New National Study:  Charter Schools Suspend Black Students and Disabled Students at Slightly Higher Rates than Traditional Public Schools!

Dear Commons Community,

A new report released  yesterday by the UCLA Civil Rights Project concluded that black students are four times as likely to be suspended from charter schools as white students and students with disabilities  are suspended two to three times the rate of nondisabled students.  Based on data from the 2011-12 school year, the report found that charter schools at the elementary, middle and high school levels suspended 7.8 percent of students, compared with 6.7 percent of students in noncharter schools. Among students with disabilities, charter schools suspended 15.5 percent of students, compared with 13.7 percent at noncharters. At the extreme end, there were 235 charter schools that suspended more than half of their students with disabilities.  As reported in the New York Times:

“…the report is likely to fuel an often fierce debate about disciplinary practices in charter schools, which are publicly funded but privately run. Some charter networks have come under fire for “no excuses” behavioral codes, under which students can be suspended for offenses like clothing violations.

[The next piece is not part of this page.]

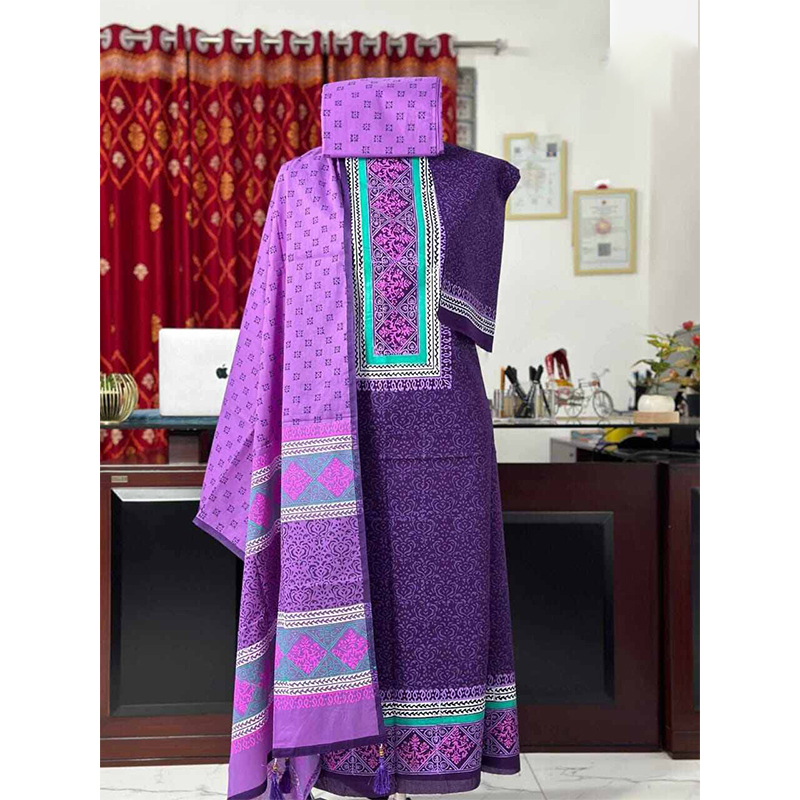Picture of Exclusive Cotton Unstitched Block Print High Quality Three Piece dress For Women classy closet - Multicolor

Daniel J. Losen, the director of the Center for Civil Rights Remedies, said the report should not be used to generalize about all charter school discipline, because there were also schools that did not suspend students at high rates. “There are other ways to address school discipline that hold kids accountable,” he said.

Advocates for the disabled were particularly concerned about the higher rates of suspension at charters, given that charter schools enroll a lower proportion of students with disabilities than traditional public schools.

Suspensions can have a devastating impact on students. Previous research has found that suspensions contribute to the school-to-prison pipeline, which pushes students out of school and makes them more likely to end up in the criminal justice system. Students who get suspended from school are more likely to drop out of high school later on. 

As states around the country gear up to implemented the Every Student Succeeds Act, the major federal law replacing the George W. Bush-era No Child Left Behind Act, Losen called on states to pay attention to these numbers. Under the new law, states are required to lower the number of schools overusing harsh discipline. Charter schools are also beholden to these requirements, unless a state specifically passes a law exempting them.”